Rodger is hardly the first murderer with a cult following. He’s not even the first misogynist killer to have been proclaimed a “saint” — that honor goes to “Saint” Marc Lépine, who murdered 14 women in cold blood at Montreal’s École Polytechnique in 1989. But Lépine was never embraced as a “saint” by anyone other than a small handful of extremist Men’s Rights Activists looking to offend as many feminists as possible. Rodger’s fanbase, for better and for worse, is much broader and much less ideological; many of his admirers seem to identify with him much more fully.

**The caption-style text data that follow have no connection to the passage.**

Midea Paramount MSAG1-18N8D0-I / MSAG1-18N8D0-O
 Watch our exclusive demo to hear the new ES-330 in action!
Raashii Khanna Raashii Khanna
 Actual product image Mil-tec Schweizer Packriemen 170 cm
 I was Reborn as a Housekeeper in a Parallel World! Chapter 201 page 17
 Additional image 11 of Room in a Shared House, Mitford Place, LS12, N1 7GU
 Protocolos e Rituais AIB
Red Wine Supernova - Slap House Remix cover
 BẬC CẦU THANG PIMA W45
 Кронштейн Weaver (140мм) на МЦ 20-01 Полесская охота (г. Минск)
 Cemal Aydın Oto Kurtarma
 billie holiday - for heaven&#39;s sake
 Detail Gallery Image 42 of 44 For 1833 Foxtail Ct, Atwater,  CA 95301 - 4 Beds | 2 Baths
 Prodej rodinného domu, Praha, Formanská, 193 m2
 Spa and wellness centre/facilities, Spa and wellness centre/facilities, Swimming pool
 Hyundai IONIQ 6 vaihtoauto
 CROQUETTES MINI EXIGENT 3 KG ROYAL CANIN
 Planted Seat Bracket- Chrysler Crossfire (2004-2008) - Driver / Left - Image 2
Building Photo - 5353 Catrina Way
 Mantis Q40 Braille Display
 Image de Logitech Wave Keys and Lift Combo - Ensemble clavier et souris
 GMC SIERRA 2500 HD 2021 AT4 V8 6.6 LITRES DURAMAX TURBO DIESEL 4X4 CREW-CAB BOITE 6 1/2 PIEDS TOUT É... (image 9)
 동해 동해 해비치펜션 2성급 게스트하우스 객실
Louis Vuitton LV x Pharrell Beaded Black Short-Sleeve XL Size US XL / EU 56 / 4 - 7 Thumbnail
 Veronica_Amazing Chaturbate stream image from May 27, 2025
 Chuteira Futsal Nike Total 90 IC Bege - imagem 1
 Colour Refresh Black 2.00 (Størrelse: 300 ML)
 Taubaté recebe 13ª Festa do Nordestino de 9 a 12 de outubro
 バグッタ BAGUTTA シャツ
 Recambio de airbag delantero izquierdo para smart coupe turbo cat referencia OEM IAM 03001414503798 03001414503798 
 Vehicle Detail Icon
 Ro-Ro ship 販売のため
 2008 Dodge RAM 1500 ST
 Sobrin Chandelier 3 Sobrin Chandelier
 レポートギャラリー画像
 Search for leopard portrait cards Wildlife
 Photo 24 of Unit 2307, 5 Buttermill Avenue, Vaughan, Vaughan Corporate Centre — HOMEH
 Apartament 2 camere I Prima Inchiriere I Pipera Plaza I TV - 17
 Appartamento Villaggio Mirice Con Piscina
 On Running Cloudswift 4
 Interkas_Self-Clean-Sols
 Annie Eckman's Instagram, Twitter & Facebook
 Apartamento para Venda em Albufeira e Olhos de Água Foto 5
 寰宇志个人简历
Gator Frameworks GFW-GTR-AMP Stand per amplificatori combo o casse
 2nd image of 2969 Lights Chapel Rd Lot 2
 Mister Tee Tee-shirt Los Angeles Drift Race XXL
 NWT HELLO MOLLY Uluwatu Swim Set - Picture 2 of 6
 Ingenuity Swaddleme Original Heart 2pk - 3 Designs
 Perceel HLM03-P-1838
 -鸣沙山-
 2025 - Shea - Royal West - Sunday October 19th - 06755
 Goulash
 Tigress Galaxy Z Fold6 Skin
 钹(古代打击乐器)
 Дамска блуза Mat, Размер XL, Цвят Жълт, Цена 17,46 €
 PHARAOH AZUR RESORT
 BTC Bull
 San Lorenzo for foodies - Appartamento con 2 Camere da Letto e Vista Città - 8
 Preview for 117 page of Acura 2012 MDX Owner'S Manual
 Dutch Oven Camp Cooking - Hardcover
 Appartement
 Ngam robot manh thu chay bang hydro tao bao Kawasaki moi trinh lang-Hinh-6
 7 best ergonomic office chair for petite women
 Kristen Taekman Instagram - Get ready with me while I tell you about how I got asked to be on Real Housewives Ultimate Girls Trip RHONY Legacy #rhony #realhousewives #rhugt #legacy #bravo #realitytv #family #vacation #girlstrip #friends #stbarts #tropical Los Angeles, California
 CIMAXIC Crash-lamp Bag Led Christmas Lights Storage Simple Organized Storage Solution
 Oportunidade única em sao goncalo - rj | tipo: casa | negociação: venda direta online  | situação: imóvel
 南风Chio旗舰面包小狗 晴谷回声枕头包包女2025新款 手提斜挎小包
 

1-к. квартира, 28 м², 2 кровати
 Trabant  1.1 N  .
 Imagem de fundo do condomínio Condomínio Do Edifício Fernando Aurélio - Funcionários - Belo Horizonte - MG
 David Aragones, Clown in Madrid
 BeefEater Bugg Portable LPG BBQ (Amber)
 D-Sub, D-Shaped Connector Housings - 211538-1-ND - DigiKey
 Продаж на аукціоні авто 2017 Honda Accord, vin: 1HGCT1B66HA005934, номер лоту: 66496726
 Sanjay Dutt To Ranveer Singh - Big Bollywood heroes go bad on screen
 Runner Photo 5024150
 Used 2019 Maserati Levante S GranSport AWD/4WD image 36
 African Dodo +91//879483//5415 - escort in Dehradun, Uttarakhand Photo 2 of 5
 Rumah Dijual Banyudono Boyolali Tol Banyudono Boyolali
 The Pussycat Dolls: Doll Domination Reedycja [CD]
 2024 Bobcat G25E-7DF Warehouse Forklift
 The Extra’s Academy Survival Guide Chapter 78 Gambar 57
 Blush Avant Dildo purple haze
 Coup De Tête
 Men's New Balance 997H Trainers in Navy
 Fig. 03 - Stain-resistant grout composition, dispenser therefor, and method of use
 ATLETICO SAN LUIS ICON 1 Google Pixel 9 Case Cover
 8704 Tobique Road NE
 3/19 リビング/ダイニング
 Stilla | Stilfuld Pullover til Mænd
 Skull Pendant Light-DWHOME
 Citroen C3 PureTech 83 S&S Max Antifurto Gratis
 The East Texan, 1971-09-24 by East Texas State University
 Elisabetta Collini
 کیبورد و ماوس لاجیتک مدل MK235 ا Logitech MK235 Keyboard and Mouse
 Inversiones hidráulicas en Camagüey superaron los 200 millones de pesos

This could be in part because he showed us so much of himself in his videos and in his manifesto. When I first saw his videos four years ago in the wake of his attack, he came across as a deeply troubled young man whose manner was a mixture of awkward and arrogant. Watching his videos again today, I can see glimpses of the strange charisma. His awkwardness, to his fans at least, comes across as an appealing sort of vulnerability; his sneering arrogance, no matter how contrived it often seems in these videos, comes across as confidence.

It’s hard to imagine Minassian developing a similarly devoted following. So far he seems a cipher. He left behind no videos that might humanize him to potential fans. His “manifesto” was a short, impersonal paragraph, little more than a mash-up of incel clichés.

Philosopher Ludwig Feuerbach famously argued that religion was in essence a projection of our hopes and desires: “what man wishes to be, he makes his God.” It seems clear that Elliot Rodger’s fans are guilty of a similar sort of projection: in many ways they want to be Elliot, so they have made him their “saint.”